Sadly the end of the space program is a sad time for the 9,000 workers involved.

"It really is like a stage of grieving" said Gary Stutte, a scientist who worked at the Kennedy Space Center in Florida for nearly 20 years.  Last month Stutte attended the Limerick Institute of Technology (LIT) to take up a research post as EU Marie Curie Fellow. He will work on growing plants in microgravity.

Also Gerard Newsham (24) was lucky enough to attend the Atlantis' launch on Friday. A postgraduate student at LIT he is currently working at the Space Life Lab in Florida on " Symbiotic Nodulation in a Reduced Gravity Environment (SyNRGE)”.

3. The Corkonian correlation

Dan Tani has flown two space shuttle missions and spent 120 days on board the International Space Station. His wife Jane Egan hails from the Cork town of Kinsale.

Tani has visited schools in West Cork speaking about his experiences in Cork. He also spent his 47th birthday in space and celebrated it with his family via a live link up to Cork's Blackrock Castle Observatory.

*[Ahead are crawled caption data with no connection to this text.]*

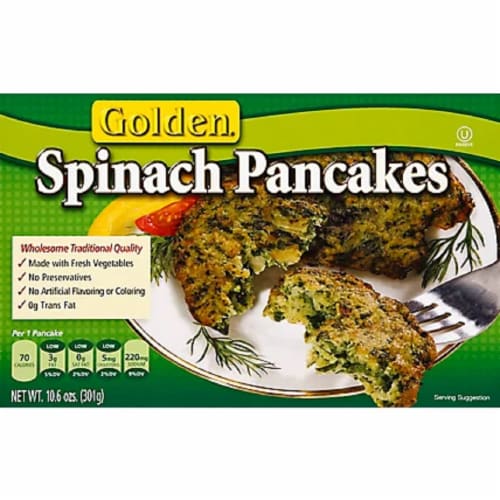 Golden Spinach Pancake Perspective: front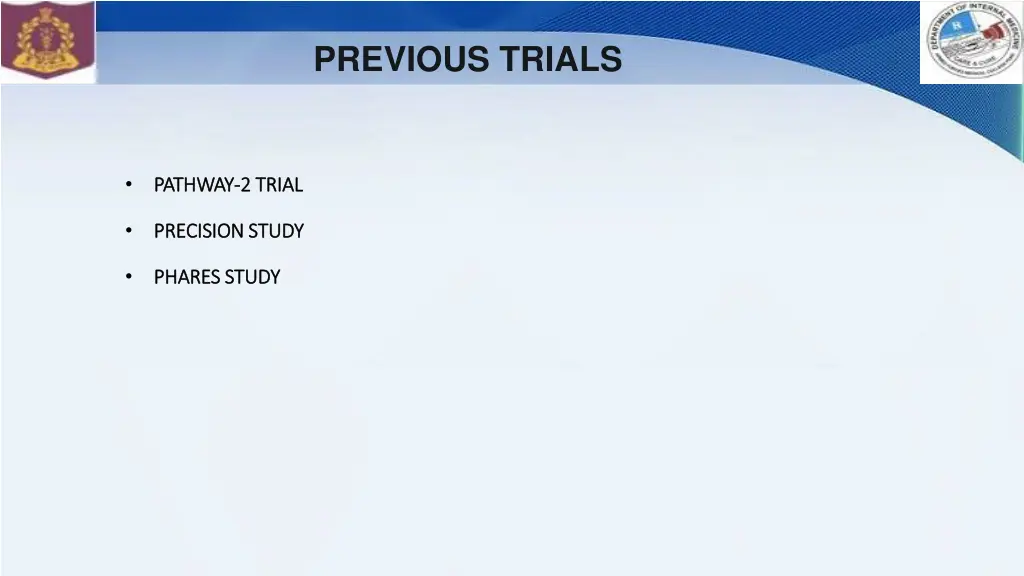 previous trials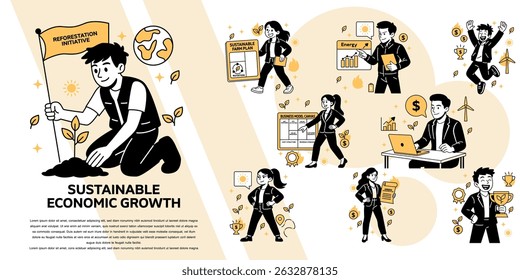 Vector illustration featuring people promoting sustainable growth through clean energy, green farming, eco-investment, and natural resource planning.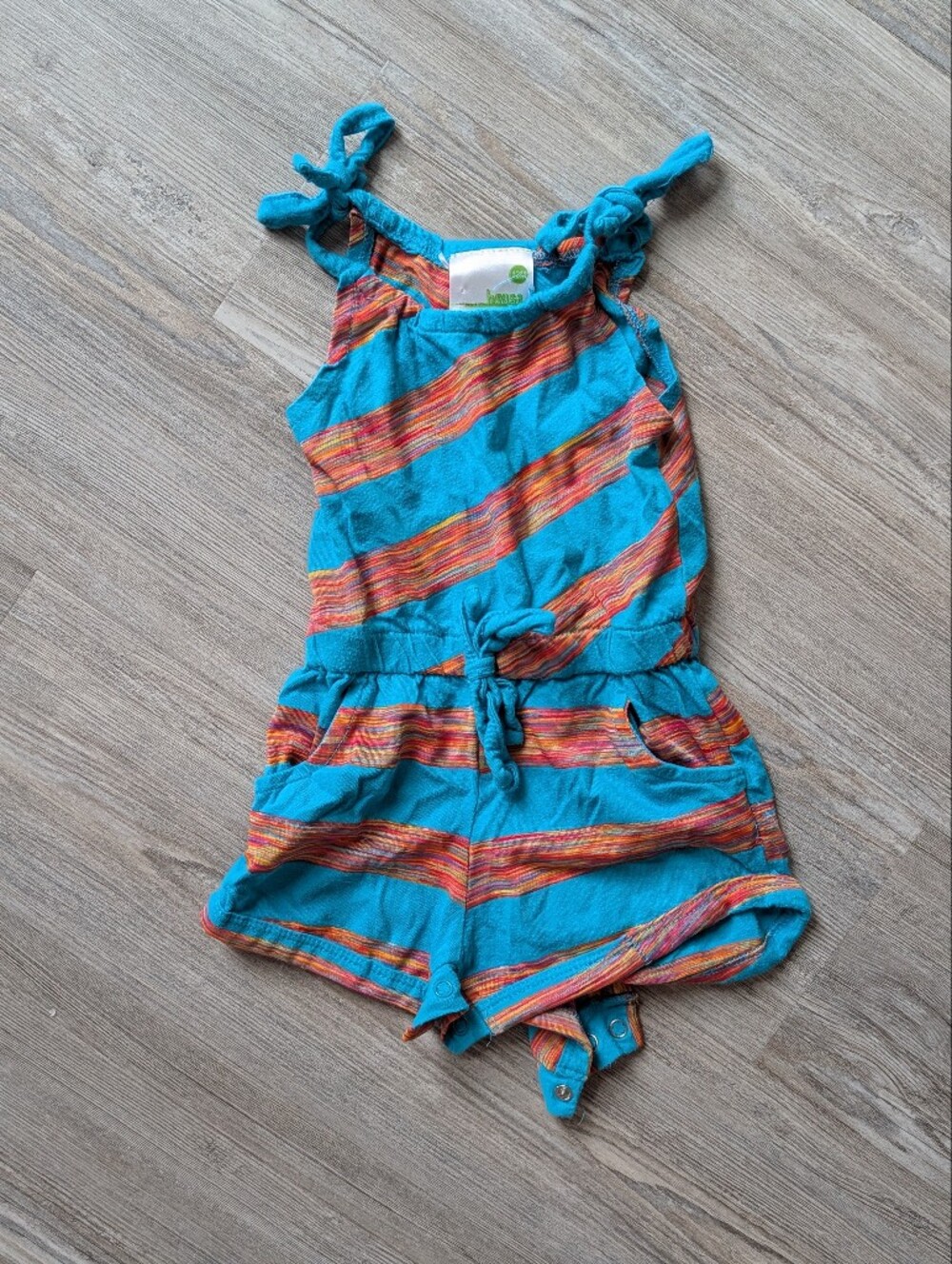 Vintage Turquoise Multicolor Striped Romper, 12 Mo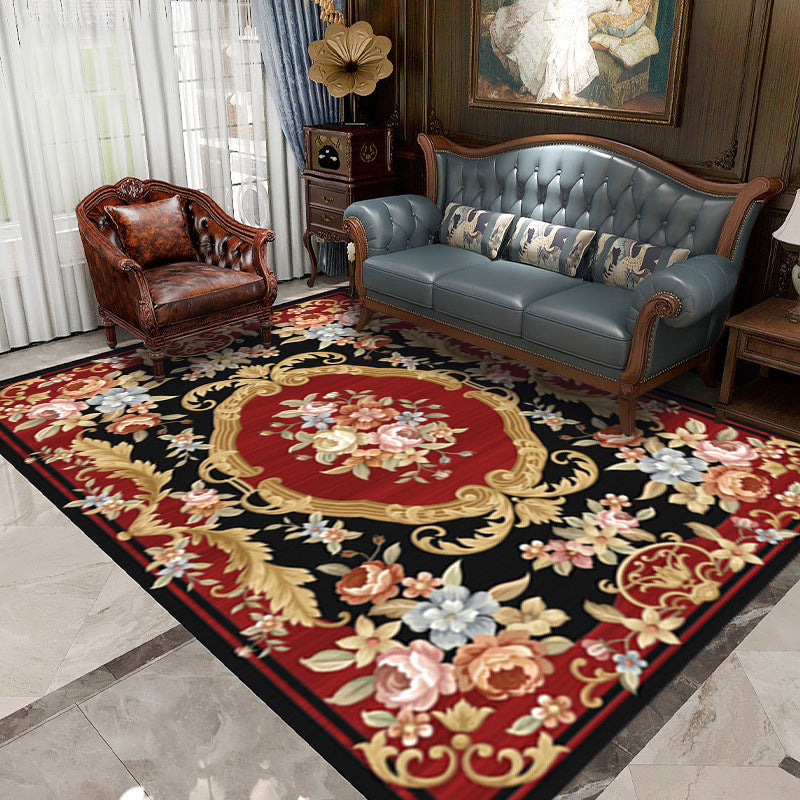 Green Luxury Rug Graphic Rug Non-Slip Backing Rug for Living Room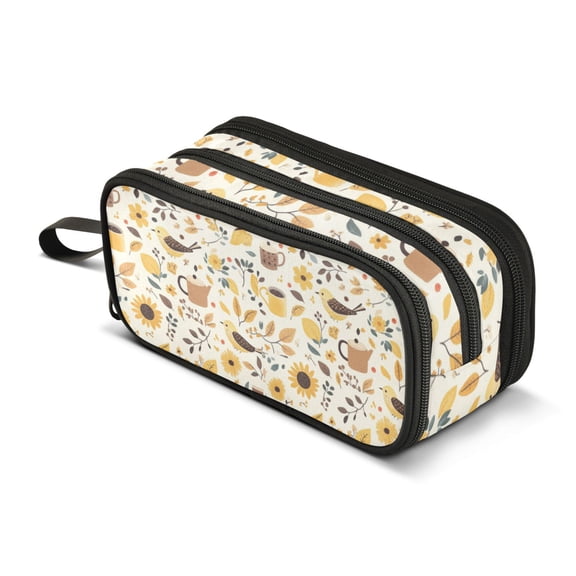 FORMRS Pencil Case with 3 Compartments Zipper Pouch, Elementary School Level and up, Beige Birds Floral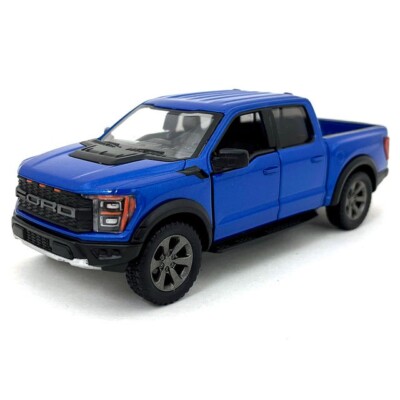 5436) Kinsmart 2022 Ford F-150  Raptor  1:46 Diecast  Truck 5 inch Blue color. 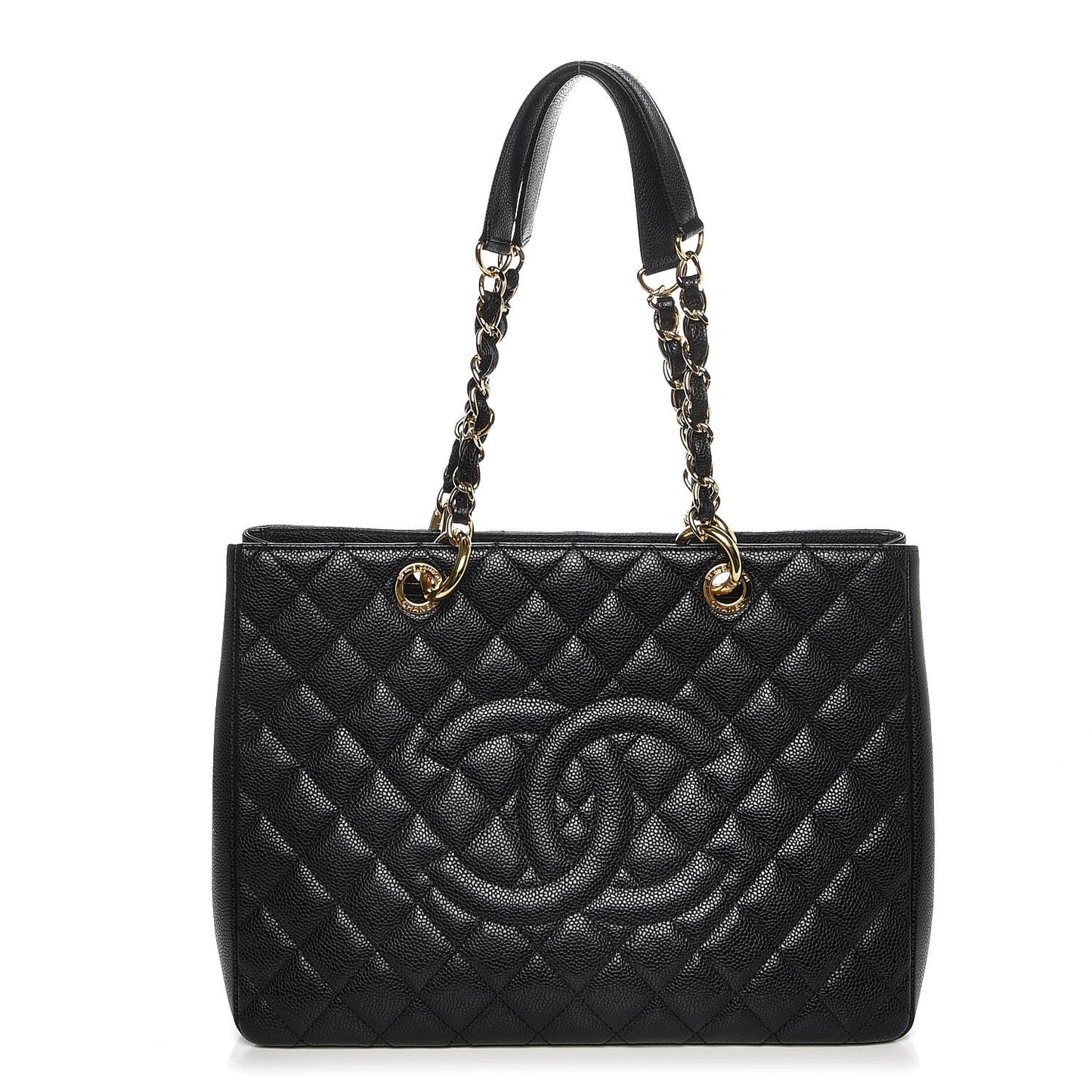 Caviar Quilted Grand Shopping Tote GST Black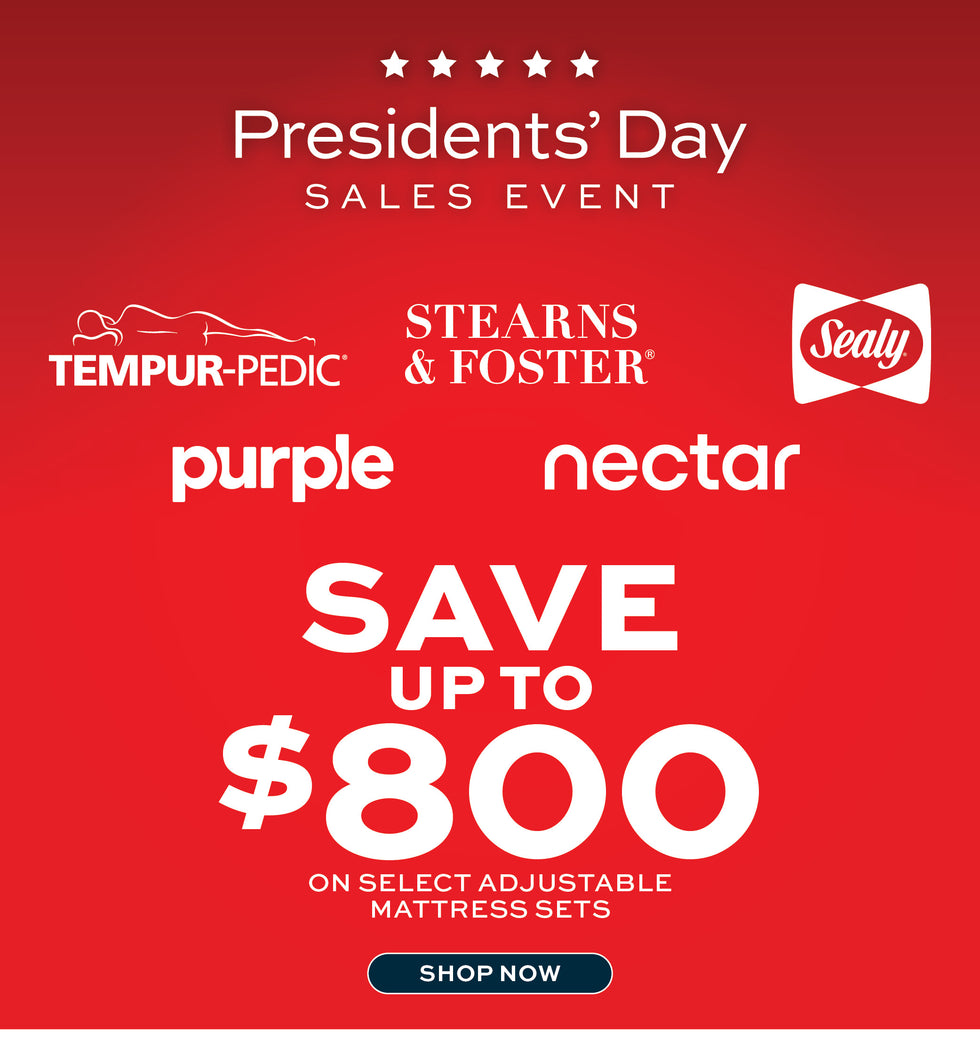 Promotional graphic for Presidents' Day sales event with mattress brand logos on a red background.
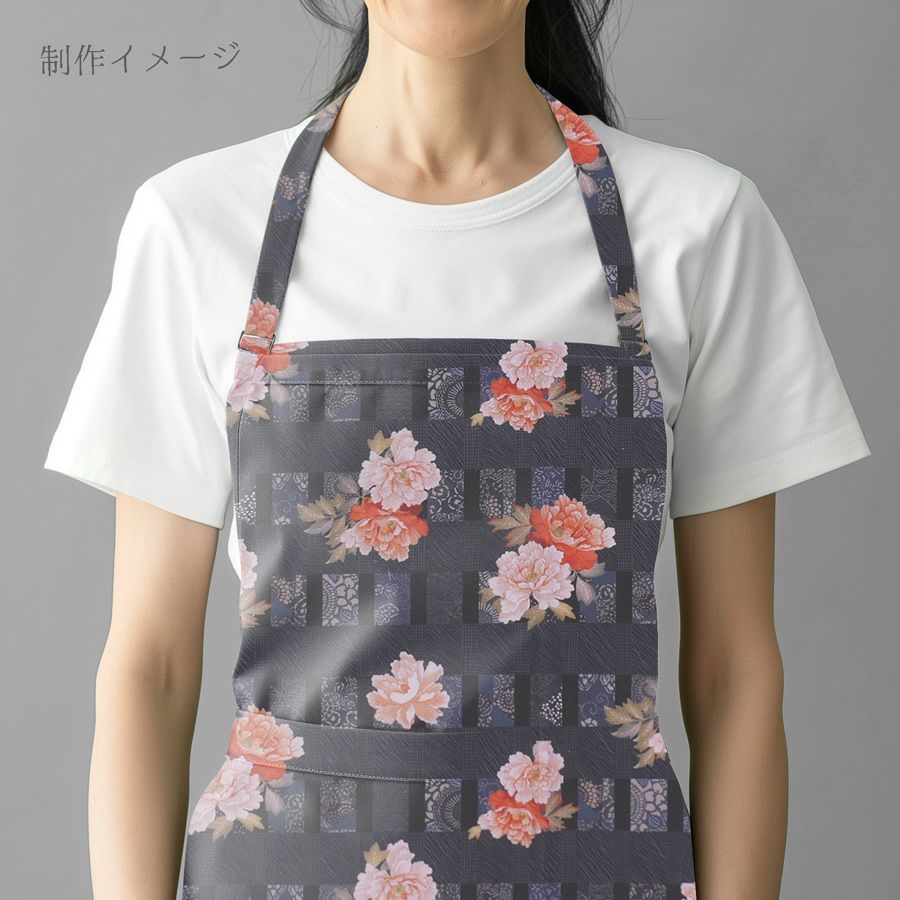 和柄コットン生地 変わり格子に牡丹(グレー) 10cm単位 切り売り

He returned from his final mission last Friday.

4. The Diaspora relationship

It's estimated that over 35 million American's can trace their roots to Ireland so it's no surprise that many scientists in NASA have Irish ancestry.

Last St. Patrick's Day astronaut Cady Coleman marked the occasion from the International Space Station by playing a solo on a 100-year-old Irish flute. She had borrowed it the Cheftains, Matt Molloy. She played a tune by Paddy Moloney.

Speaking from space she said "St Patrick’s Day is a day when people all over the Earth recognise their Irish heritage. And now we’re doing that from space as well.”

5. The other Irish links

The space shuttle program is currently worth over $28.5 million to the Irish economy. In all about 70 companies have participated in the EU Space Agency program since 2000.

The Space Strategy Working Group believes a coherent national space strategy for Ireland could lead to 5,000 new high-value jobs by 2025. By then the sector would have an estimated value of €1 billion to the exchequer.